Le roi Abdallah II de Jordanie a accepté jeudi la démission de son premier ministre Aoun Khassawn, l'accusant de freiner les réformes réclamées par la rue et dont il avait été présenté comme «la dernière chance» à son arrivée au pouvoir il y a six mois.

M. Khassawneh, qui était jeudi en visite en Turquie, est remplacé par Fayez Tarawneh, 63 ans, qui a été premier ministre et chef du palais royal à la fin des années 1990.

Les islamistes, principale force d'opposition, ont estimé que ce changement montrait en fait l'absence de volonté de mener les réformes promises et ouvrait une période de grande incertitude.

«La Jordanie traverse une période critique et ne peut pas se permettre de retard dans la mise en place des réformes nécessaires», a écrit le roi dans une lettre à M. Khassawneh, selon le palais.

Le pays connaît en effet des manifestations régulières depuis janvier 2011 -d'une ampleur nettement moindre que ses voisins touchés par le Printemps arabe- réclamant des réformes politiques et économiques ainsi que la fin de la corruption, sous la houlette de l'opposition.

Les manifestants réclament en particulier que le chef du gouvernement soit issu de la majorité parlementaire et non plus désigné par le roi. Ils dénoncent aussi l'arrestation de certains opposants, ainsi que l'absence de mesures significatives contre la corruption dans ce petit pays de 6,5 millions d'habitants, dont 70% ont moins de 30 ans.

«J'ai suivi le travail du gouvernement ces derniers mois et j'ai vu que les choses n'avançaient pas. Pour l'instant, les accomplissements sont en deçà de ce que nous attendions», a ajouté le roi, accusant le gouvernement d'avoir donné la priorité à «certaines lois» plutôt qu'aux réformes essentielles.

À son arrivée en octobre, M. Khassawneh, ancien vice-président de la Cour internationale de justice de 62 ans, avait assuré avoir «reçu les garanties du roi» qu'il aurait «pleine souveraineté» en tant que premier ministre pour mener les réformes.

Mais ces dernières se sont fait attendre, à l'exception d'un projet de nouvelle loi électorale approuvé début avril par le gouvernement, qui introduit une dose de proportionnelle, mais continue selon l'opposition de favoriser l'élection de députés loyalistes non représentatifs.

«La loi n'est pas ce à quoi j'aspirais, mais je pense qu'elle convient à cette période de transition», avait écrit le premier ministre dans un courrier au roi.

Pour Zaki Bani Rshied, chef du bureau politique du Front d'action islamique (FAI), le parti des Frères musulmans, le départ de M. Khassawneh «montre que la souveraineté dont le premier ministre avait parlé n'existe pas en Jordanie».
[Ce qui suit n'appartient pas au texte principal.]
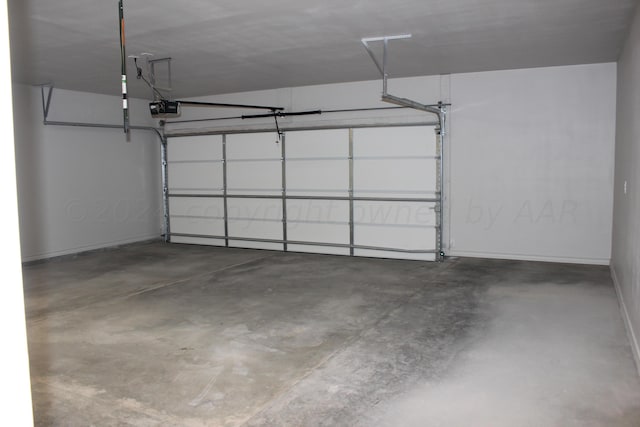 8104 Miami Ave, Amarillo, TX 79118 - garage featuring a garage door opener and baseboards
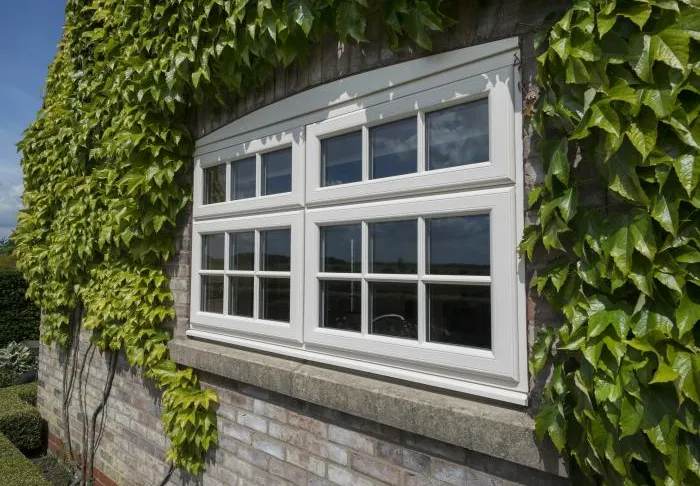 White uPVC window with ivy covered wall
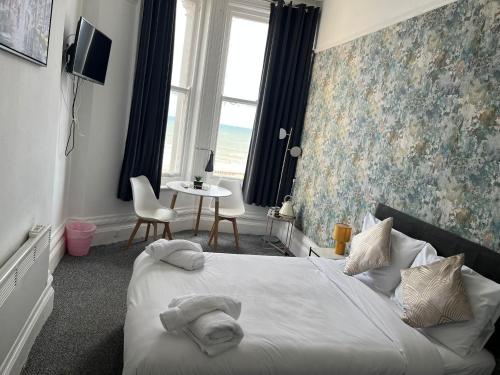 a bedroom with a bed with towels on it at OYO Marine Parade Hotel, Eastbourne Pier in Eastbourne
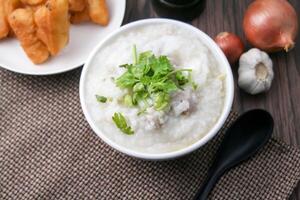 Hot Chinese porridge rice porridge with minced pork meatballs for breakfast on a wooden table. photo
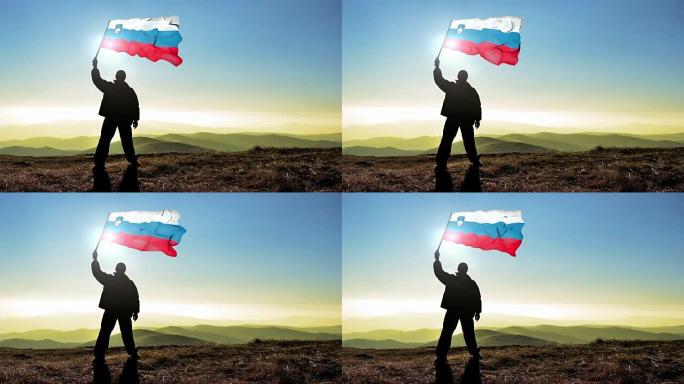 成功的剪影男子获胜者在山顶上挥舞着斯洛文尼亚国旗，4k电影院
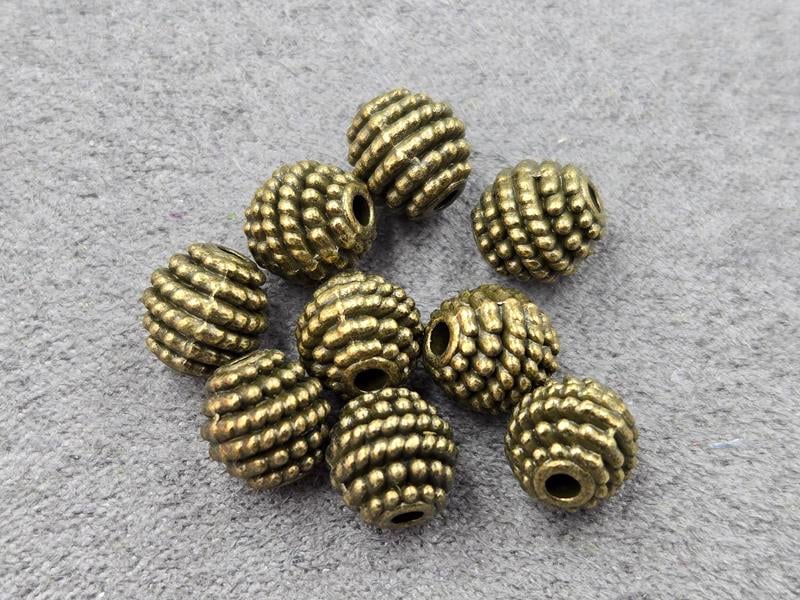 Бусини куля 8 мм 18 шт колір бронза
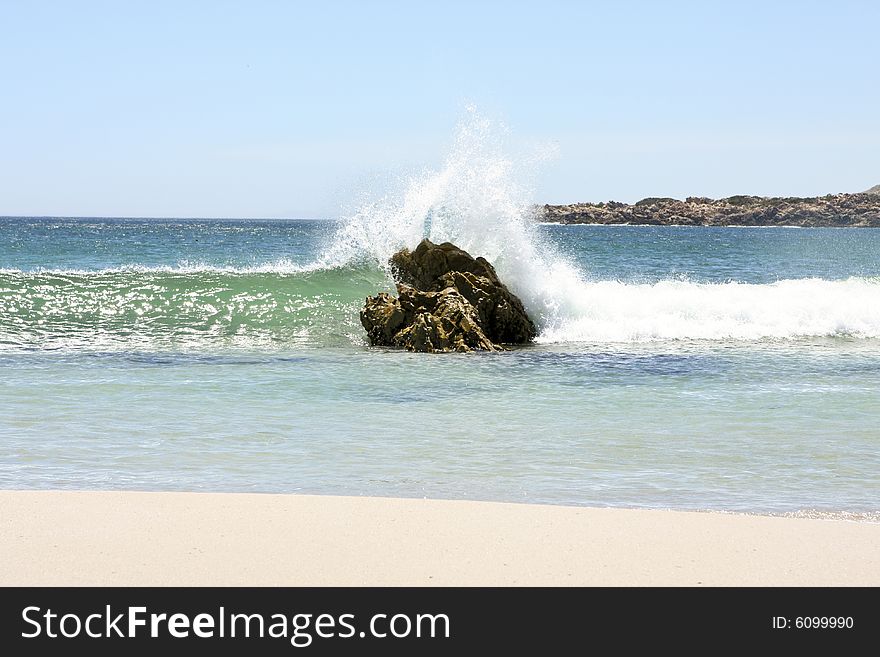 A wave crashing over a large rock in the summer time. A wave crashing over a large rock in the summer time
«Cela révèle le niveau des luttes de pouvoir au sein de l'État. Malheureusement, les services de sécurité (et leurs importants pouvoirs) l'ont emporté», a-t-il ajouté, prévenant que s'ouvrait désormais «une phase pleine d'incertitude politique».

«Tous ces discours sur les réformes que l'on a entendus ne voulaient rien dire. Nous avons la preuve qu'il n'y a aucune volonté d'engager des réformes», a insisté le responsable du FAI, dont la formation avait refusé de participer au gouvernement de M. Khassawneh.

De plus, selon Mohamed Masri, analyste politique à l'Université de Jordanie, le nouveau premier ministre, M. Tarawneh, «n'est pas connu pour être un homme politique à l'esprit ouvert».